Diverse le tappe dei suoi percorsi in India, inizia a Poona nella comunità di Osho, quando il Maestro era già deceduto dal gennaio 1990, ma che descrive come un mondo nuovo in cui si respira la libertà dell’essere e rapporti umani di serenità e gioia. Uno stile di vita che nella comune di Poona, scrive Simonetta, diventa microsocietà ideale, qui inizia a studiare e a porsi le domande della vita che ben descrive nella volontà di lasciare un atteggiamento che paragona al correre dietro al vento e al soffrire nel cercare ciò che non ci appagherà mai. Al contrario lei vuole andare a fondo negli insegnamenti di Osho, che ci ha messo in guardia dagli schemi della mente, per riscoprire le libertà del cuore, per allontanarsi dal pensiero materialistico dell’Occidente e per accedere alle dimensioni superiori della coscienza, nell’idea di Osho di aiutare la nascita di un uomo nuovo.

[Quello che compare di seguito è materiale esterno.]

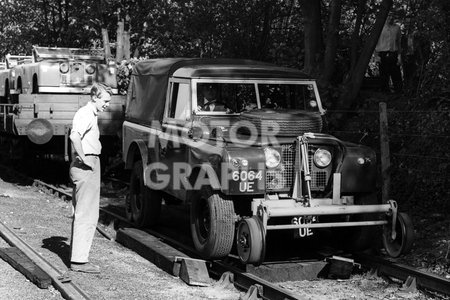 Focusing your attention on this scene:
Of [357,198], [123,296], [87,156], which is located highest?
[87,156]

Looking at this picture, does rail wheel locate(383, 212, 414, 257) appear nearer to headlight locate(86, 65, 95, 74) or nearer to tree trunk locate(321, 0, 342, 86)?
tree trunk locate(321, 0, 342, 86)

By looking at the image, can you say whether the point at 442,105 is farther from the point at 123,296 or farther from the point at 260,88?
the point at 123,296

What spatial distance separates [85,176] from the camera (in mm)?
7836

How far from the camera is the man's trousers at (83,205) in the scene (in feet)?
25.7

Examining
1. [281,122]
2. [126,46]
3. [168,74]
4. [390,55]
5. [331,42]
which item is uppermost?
[126,46]

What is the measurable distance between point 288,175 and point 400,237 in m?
1.42

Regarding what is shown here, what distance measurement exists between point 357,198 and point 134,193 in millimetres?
3744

Ma il viaggio continua verso “la vera conoscenza, verso la Fonte della Gioia”, attraverso Pondicherry, la città degli illuminati Sri Aurobindo e Mère, fino a Prashanti Nilayam nel poverissimo Andhra Pradesh richiamata in sogno dal Sai Baba nel suo ashram di Puttaparthi che con meraviglia immediatamente riconosce senza mai averlo visto prima se non in sogno appunto e dove gradualmente sperimenta la radicale trasformazione che esiste nella dedizione assoluta da parte del discepolo che si rivela in realtà essere un abbandono al proprio vero Sè .
Permanenza nell’ashram lungamente descritta perchè vuole scoprire chi è veramente Sai Baba: un’incarnazione dell’Amore che ha come fine lo far sperimentare un po’ della beatitudine in cui vive, la consapevolezza che conosce senza più bisogno di pensare ma attraverso la realizzazione del Sè immortale. Perchè, dice bene Simonetta, il vero compito dei Maestri è quello di rimuovere gli ostacoli creati dalla mente che impediscono la precezione del Reale, una prospettiva molto lontana dal nostro modo di pensare materialistico, affannato, superficiale che rincorre i miraggi di una visione illusoria, vittima di una mente presuntuosa che non sa concepire l’esistenza di qualcosa di più grande.
Nella seconda parte del libro si muove poi in riflessioni caustiche e ben documentate su quello che definisce un’assenza di senso in quello che ci circonda, su tutte le nostre più profonde contraddizioni fino a dedicare un capitolo intero sul perché è più etico essere vegetariani e dell’importanza del rispetto per tutta la vita.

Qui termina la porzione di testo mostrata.